# RMFC, First Furcon experience



## lupusperangelespennae (Aug 9, 2009)

My first Fur-con experience was not what i had expected. Not being an out going person it was about as hard as i thought it would be to get into a conversation with anyone. But I enjoyed myself, It was a fun time. Though i just kinda sat in the back during most of the panels I sat back and enjoyed listening to others ideas and thoughts about the subject at hand.

But like all fun things like that never seem to last. Only this one, reality didn't just bite me in the ass, It full force sucker punched me in the face. Friday the 7th I had paid for a badge, lost track of time and so had to pick it up on Sat. I couldn't have looked away for more then a few minuets to find that my wallet and all it's contents were suddenly missing. As one might guess i panicked quite a bit at first, I asked all the staff (and hotel staff) to check all the lost and founds. Nothing had turned up after an hour or two, but i did get a call. Getting my hopes up about it only to have the call making things worse. The bank was delivering bad news, well bad news for me. Some one had purchased something and put my account under. 

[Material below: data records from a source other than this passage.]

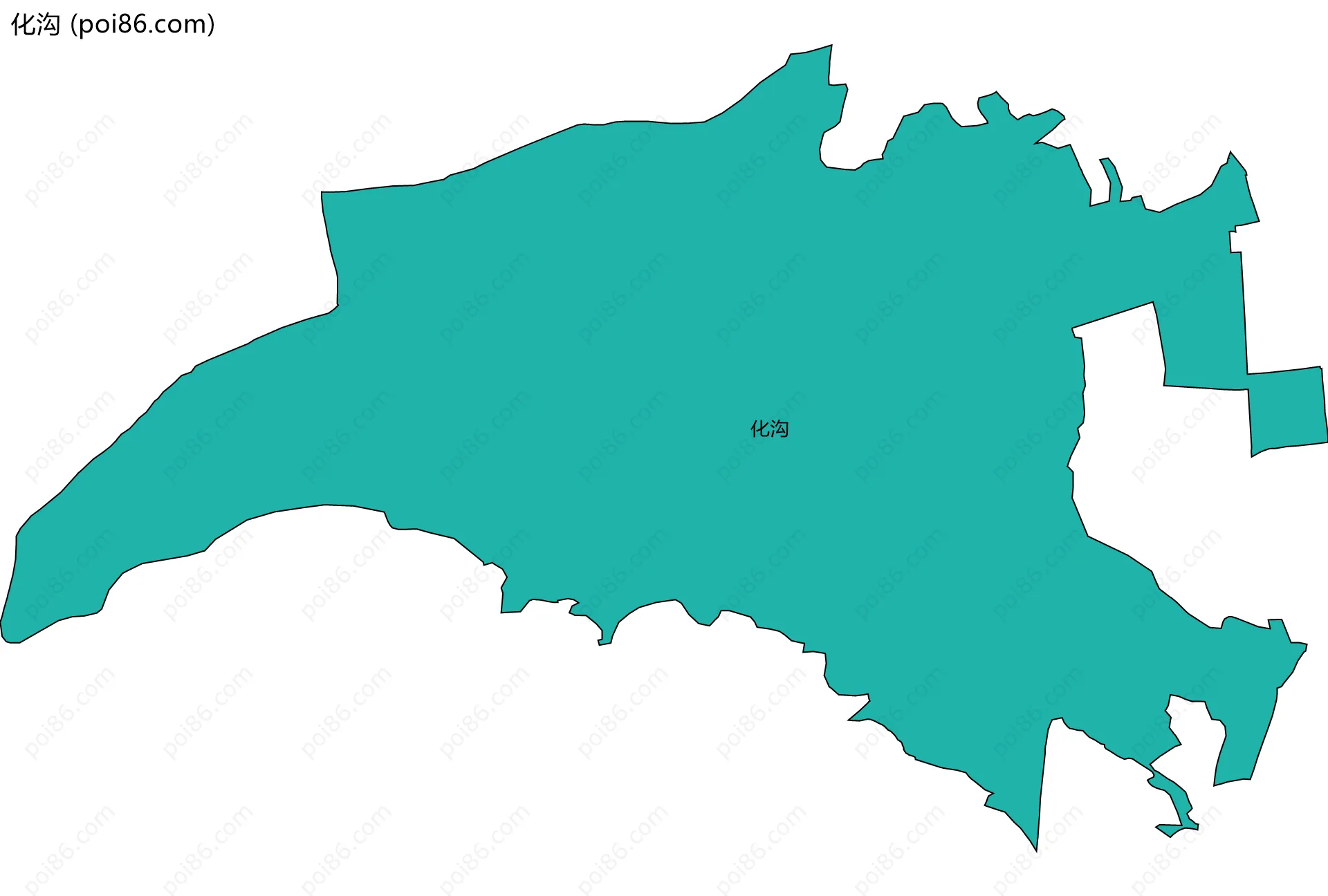 化沟边界地图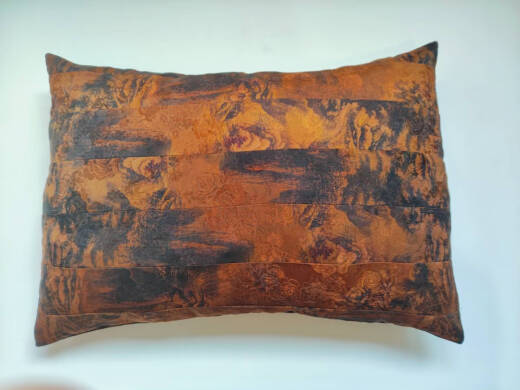 XMSJ mulberry silk single veil patchwork pillowcase pillowcase cushion cover core-free 1048*48cm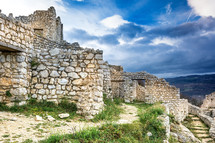 ancient stone walls 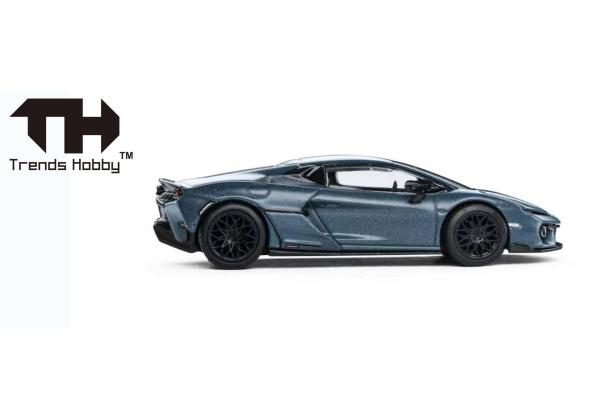 Herpa 864TH000009 -1:64 Lamborghini Temerario, mattes Blau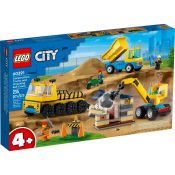 Klocki konstrukcyjne Lego City Pojazdy budowlane i kule do wyburzania (60391)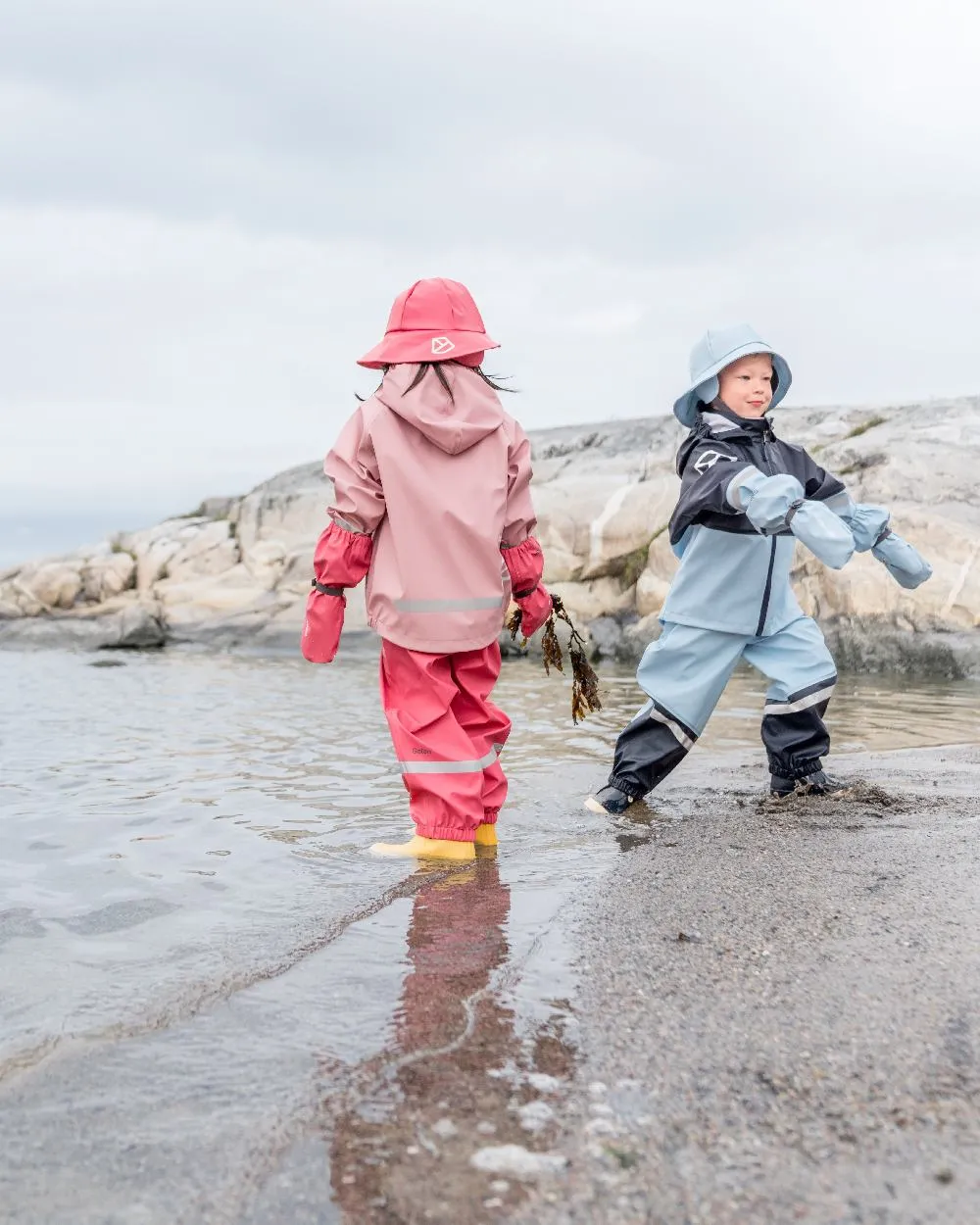 Didriksons Childrens Slaskeman Rain Set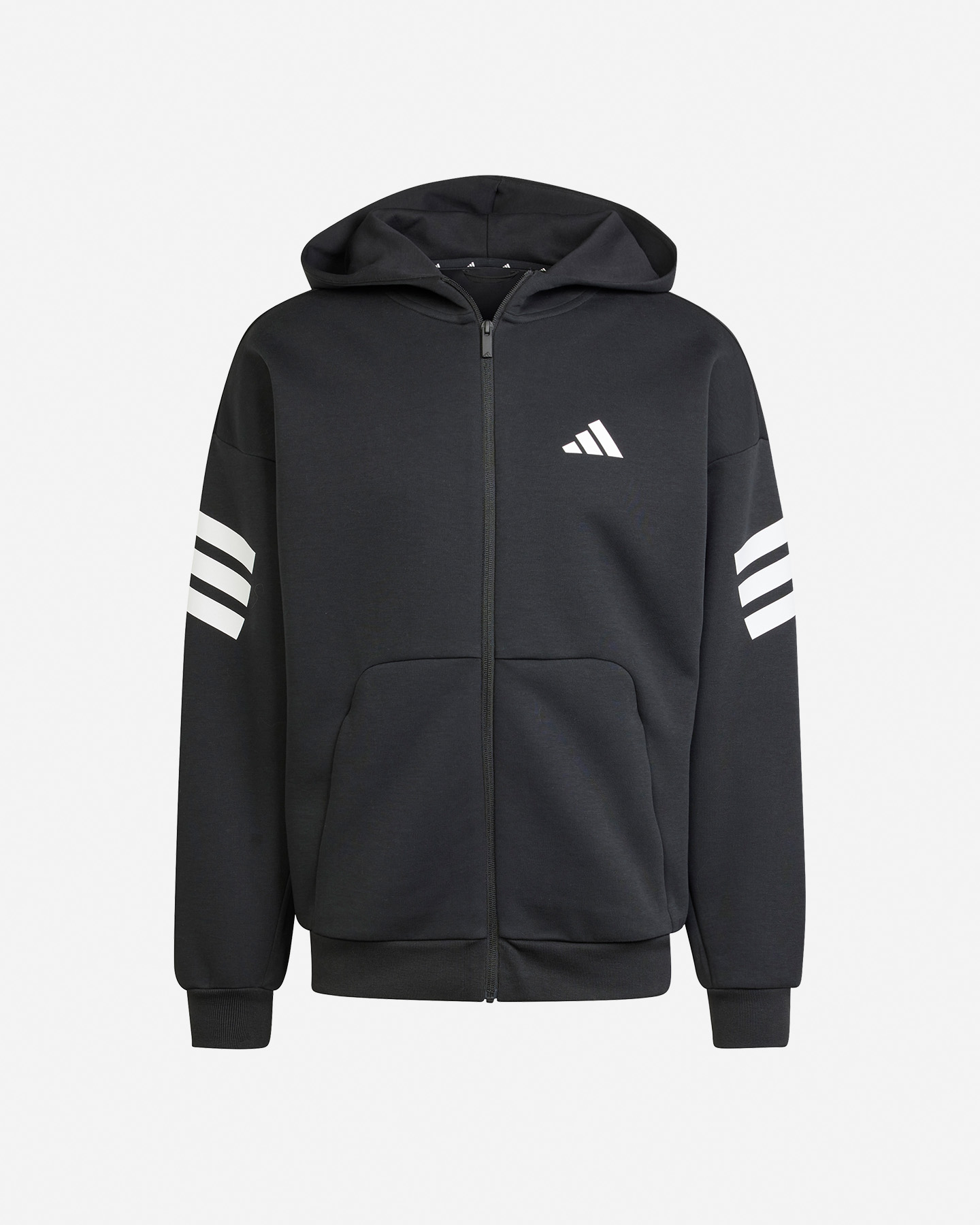 Felpa ADIDAS 3STRIPES M - Nero - 0 | Cisalfa Sport
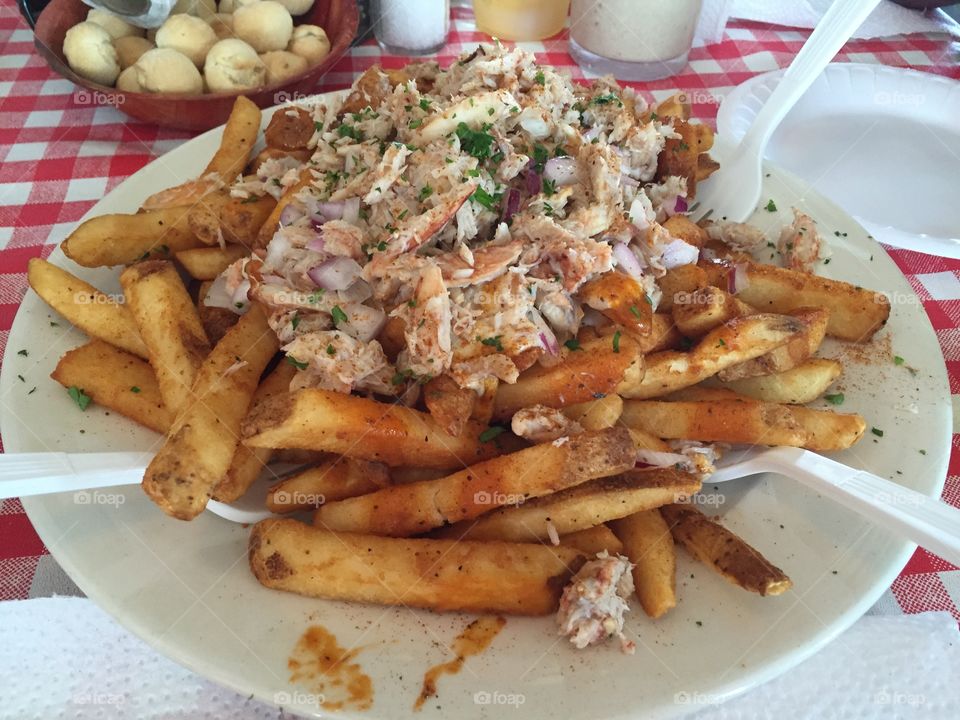 Crabby fries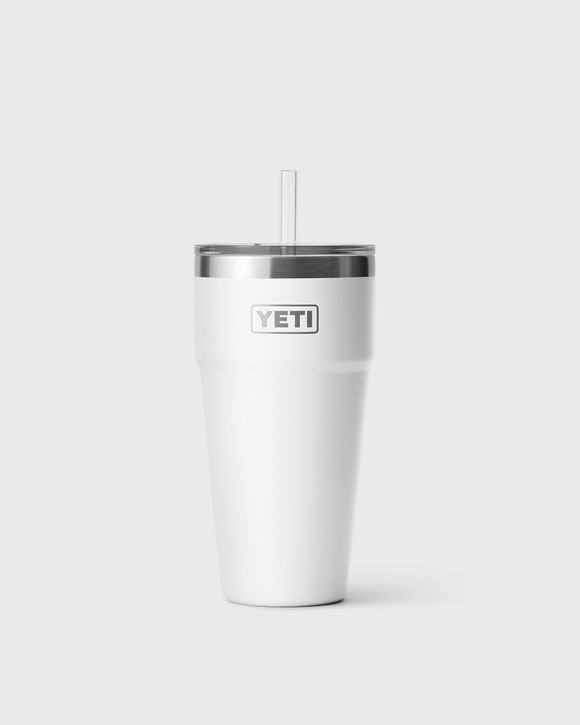 YETI 26 OZ STACKABLE CUP WITH STRAW LID White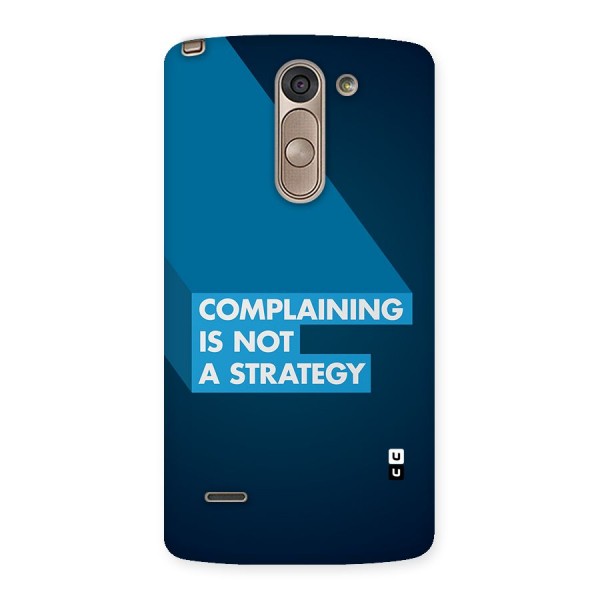 Not A Strategy Back Case for LG G3 Stylus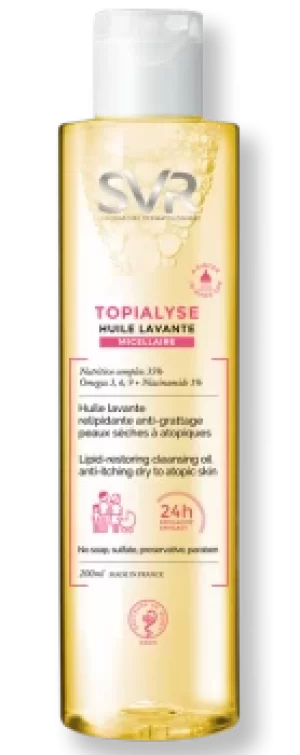 image of SVR Topialyse Huile Micellaire Oil Makeup Remover 200ml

At this point I was hurt, frustrated and quickly becoming angry. All the hopes of it being turned in, with or with out the money inside still in side was gone, some one was already taking my bank card for a joy ride. Witch meant the thief had no intention of giving the wallet back or turning it in. It was bad enough that it had been stolen, but one thing that made it worse was that there was a good chance the culprit was a furry. Not saying that it is/was but being were I believed to lost it, everyone had to be wearing a con badge. 

I had already filled out all sorts of paper work, so that i may be contacted if it was turned in and asked some of the staff them selves to keep an eye out for it. So i moved on to asking my fellow furries for assistance. This is were the hurt really came in. When I asked them if they have seen and/or heard anything about a missing wallet, and if they haven't if they were willing could they keep an eye and ear out for it, I got a lot of expressions and gestures that looked to make me the one that was doing the wrong. Like I was being shot down for asking people to point out one of our own. 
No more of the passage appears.